I won the blue ribbon in Showmanship with Goofy that day in this picture at the Brown County Fair, but not everything about my black-and-white world was positive. Under authoritarian rule, we heard mantras like, “Children are to be seen and not heard.” And “Spare the rod, spoil the child.” There’s absolutely NO wiggle room in either of those mission statements. Only. Black. And. White! I got my fair share of spankings, so no worries about us being spoiled, that’s for sure. But what would it have hurt to give us a small voice? I’m sure we could have come up with something valuable to say. . .
Over the years, we’ve gotten more and more comfortable with shades of gray. Kids today do have a voice and corporal punishment isn’t quite as commonplace as it was back on the farm. It seems the proverbial pendulum has swung the other way. But I’m wondering about that black-and-white thing where values are concerned. A handshake meant something, it was your word and honesty was more than a policy, it was a way of life. I like to think that in today’s world, right is still right and wrong is still wrong. And yet, in a nearby town when some 200 seniors were caught cheating on an AP English IV test at the end of last semester, they were allowed to retake the test. Does that seem like a little too much gray to anyone?
And that village concept is more important now than ever before, but how many aunts or uncles step in to help out in today’s day and age? I hope a lot, but that’s not necessarily the trend I’m observing despite research that strongly suggests that kids who are connected to mentors (like an extended family member or neighbor!) are less likely to get into trouble and more likely to find success in life. Can’t get much more black-and-white than that. Still, I know that today’s families often struggle to keep track of their own kids, much less watch out for the neighbor’s herd. How are we doing in our village? Would we exceed expectations on the state assessment in that area?

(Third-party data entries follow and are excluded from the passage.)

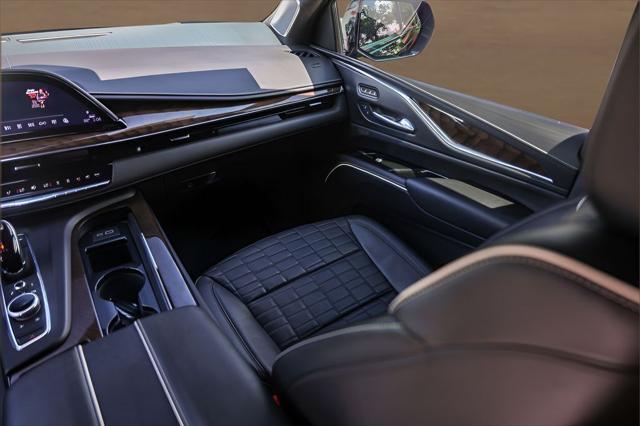 2024 Cadillac Escalade 4WD Sport Platinum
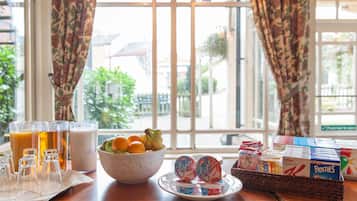 Desayuno completo (GBP 8.75 por persona)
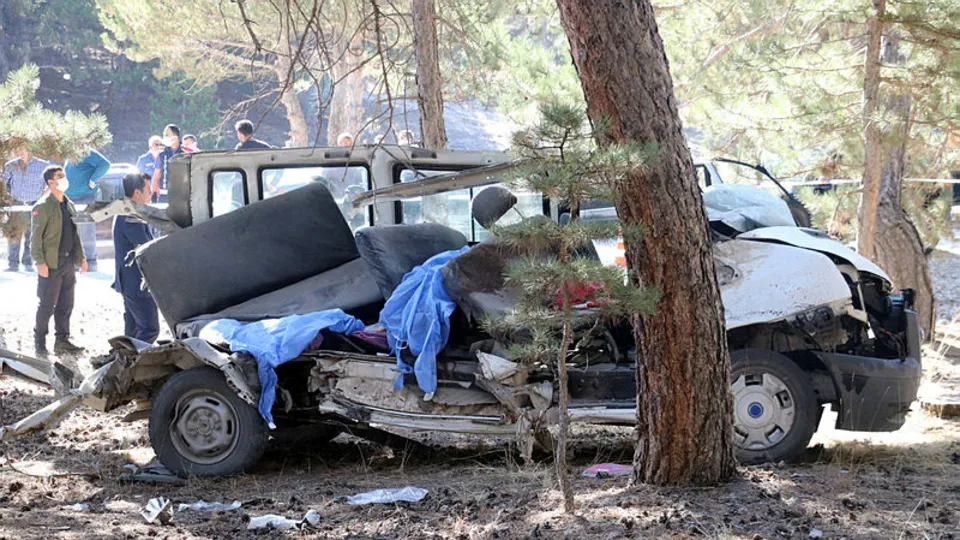 Afyonkarahisar'daki öğrenci servisi kazasında yeni gelişme! Görevden alındılar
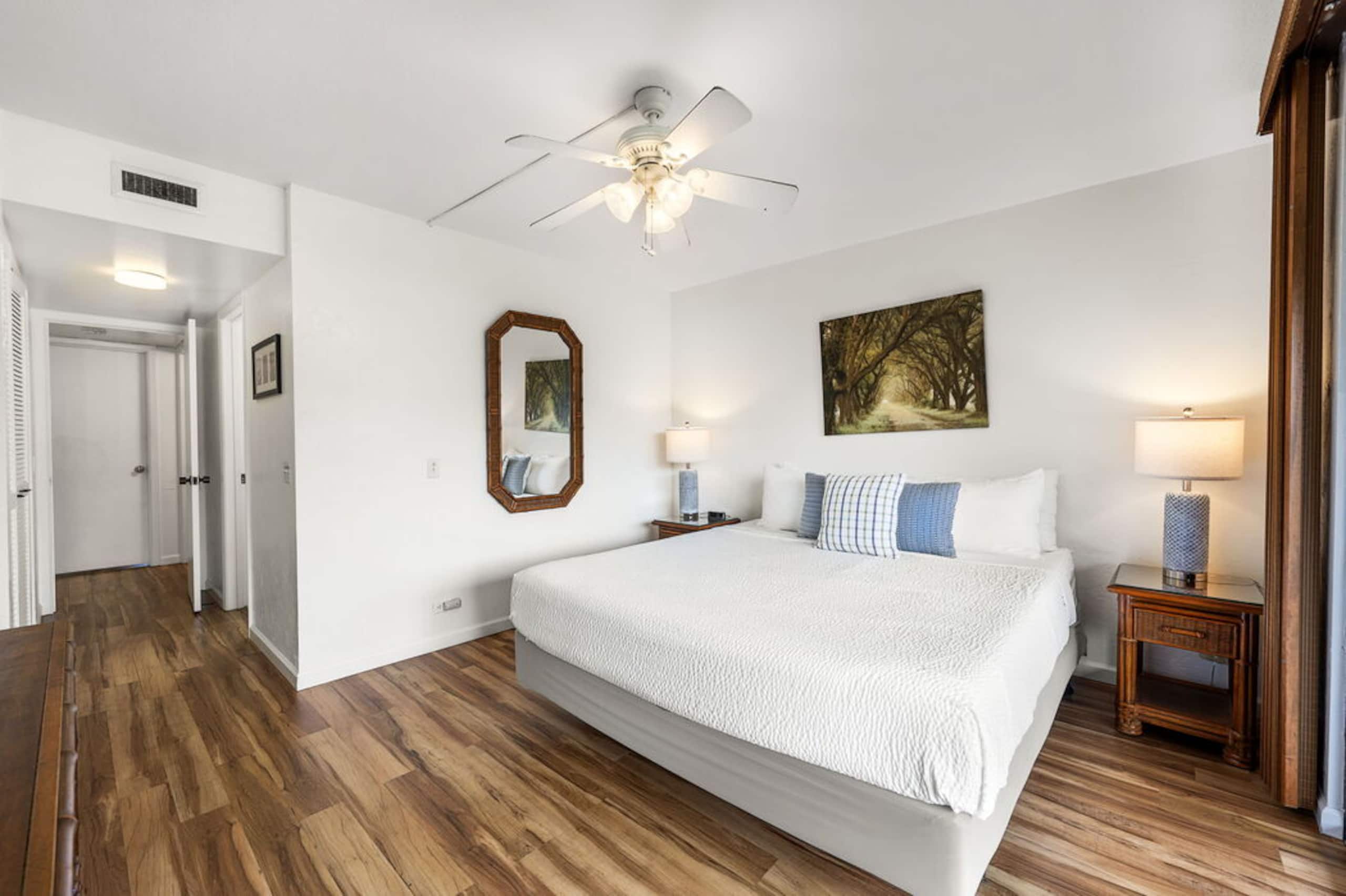 Condo in Kailua-Kona · ★4.86 · 2 bedrooms · 3 beds · 2 baths - Image 11
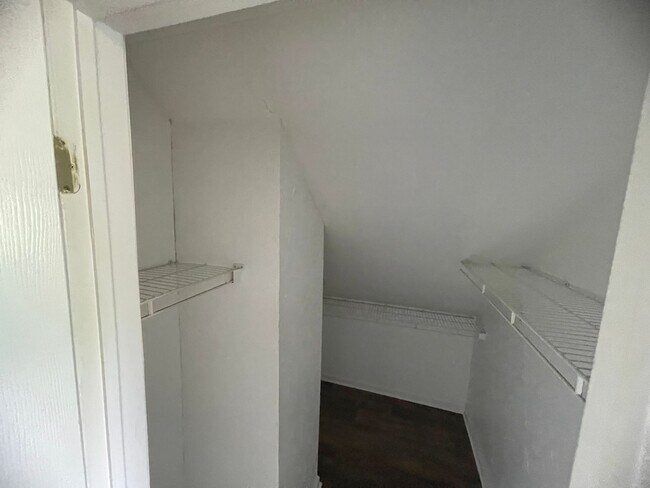 Building Photo - Updated 2 bedroom house for rent in the South Side !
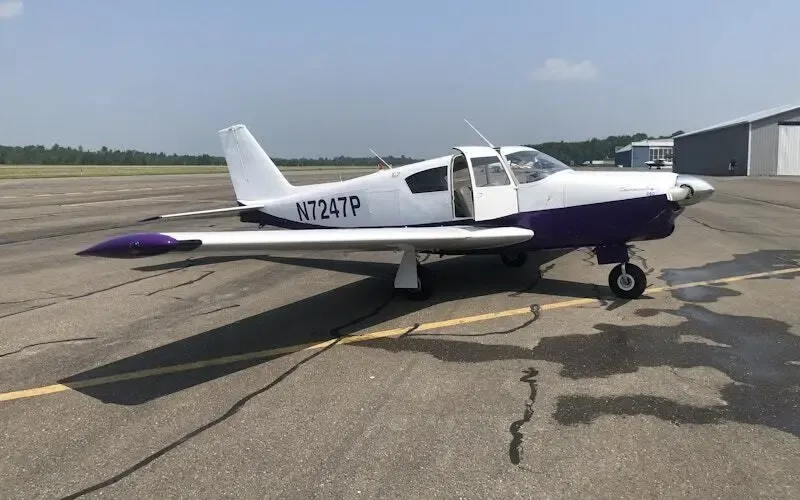 Exterior view of a 1968 Piper PA-32-300 Cherokee Six.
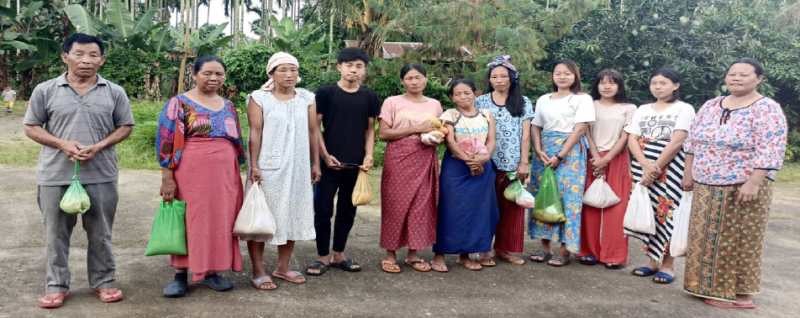 With the objective of helping poor farmers and to lessen their sufferings during the time of COVID-19 pandemic, the Ato Area Students’ Union (AASU) with assistance from SDAO Niuland distributed agricultural seeds to 203 families under Ato Area. The agricultural seeds included Maize, Soybean, Pigeon pea (Arhar dal). (Photo Courtesy: AASU)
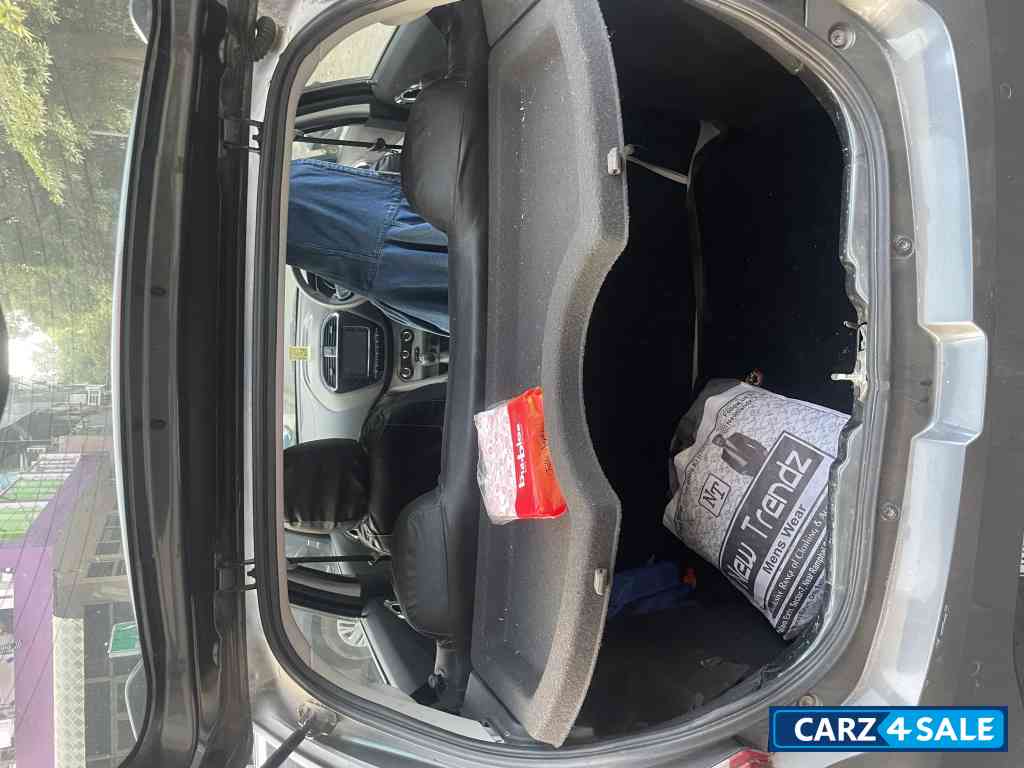 Detona Gray Tata Tiago XZ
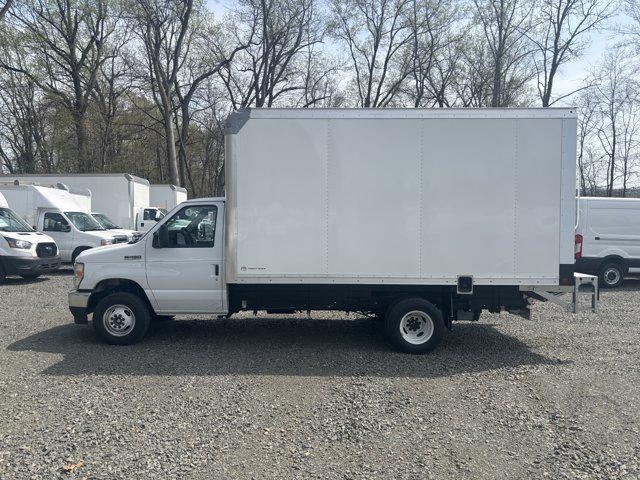 2027 Ford E-Series Cutaway Box Dry Freight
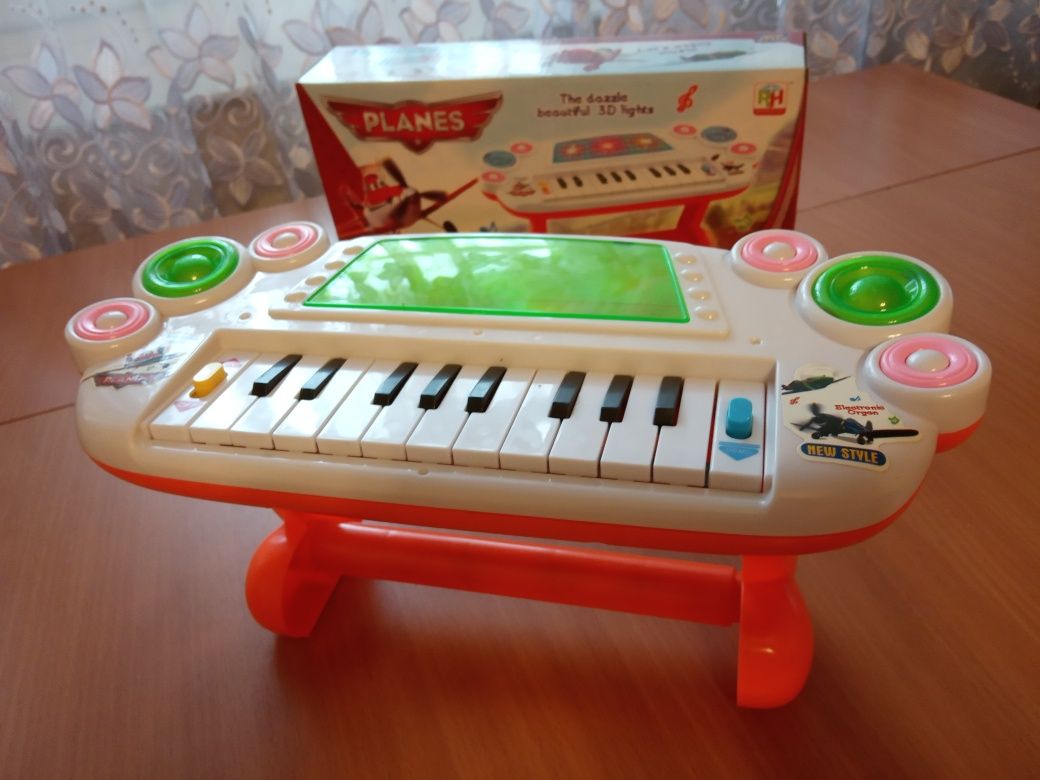Развивающие игрушки-конструктор,пазлы,кубики...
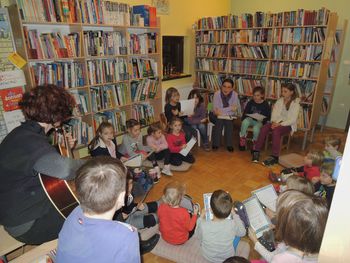 Praznični december v Občinski knjižnici Vransko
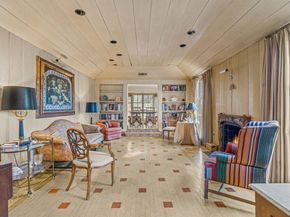 2410  Halloran Street , Fort Worth Texas 76107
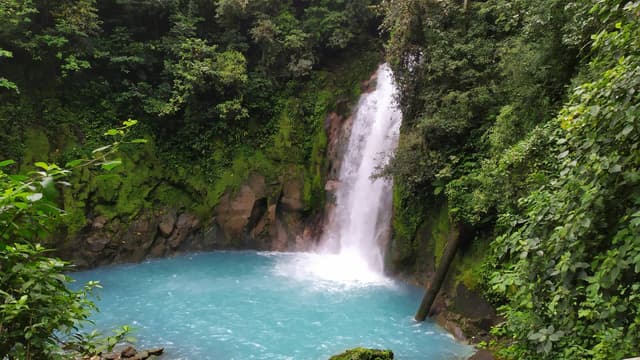 Foto 3 de JOSE P. sobre el alquiler de un Toyota Yaris en La Fortuna (17/9/24)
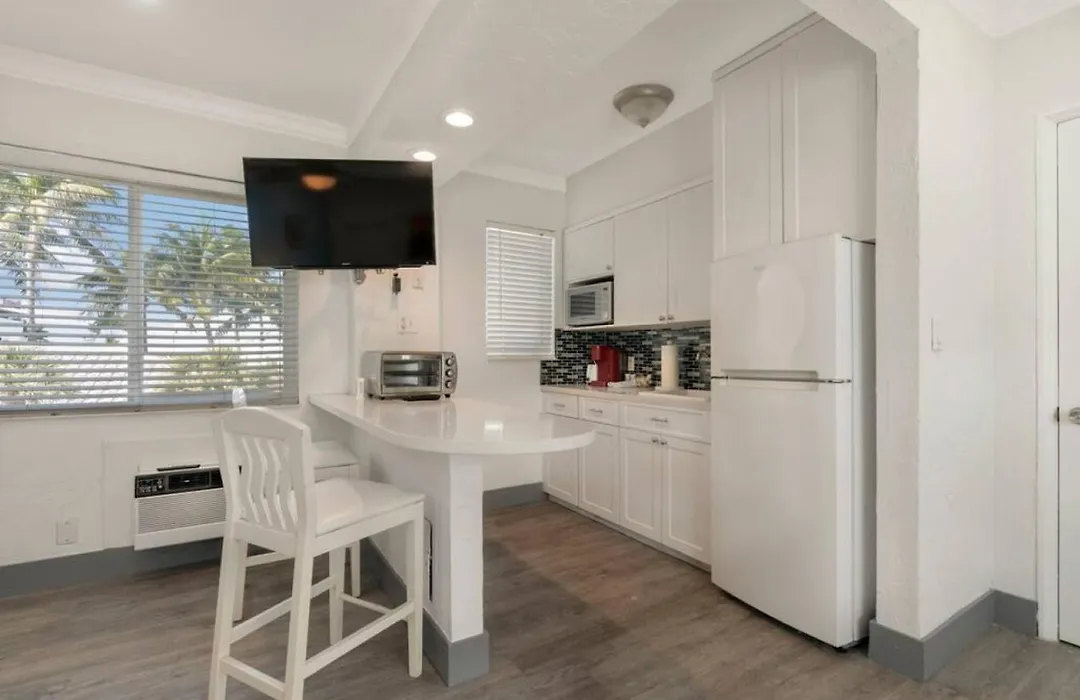 Walkabout 6 Suite On Hollywood Beach With Ocean Views-1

This counselor is all for giving kids a voice and listening to our future leaders, encouraging them to reach for the stars and empowering them with the tools to do just that, second chances even; at the same time, this farmer’s daughter likes it when the pendulum comes back to some timeless non-negotiables:
Tell the truth. Keep your promises. Respect one another. Mind your manners. Be courteous. Take care of your stuff. Show up and be on time. Give your best effort. Forgive mistakes. Do the right thing. Obey the rules. Apologize. Work hard. Play Fair. Be kind. Look out for one another. Help those in need. Treat others like you want to be treated.
Those are the things that my elders drilled home in my black-and-white world way back when that still hold true for our technocolor world today.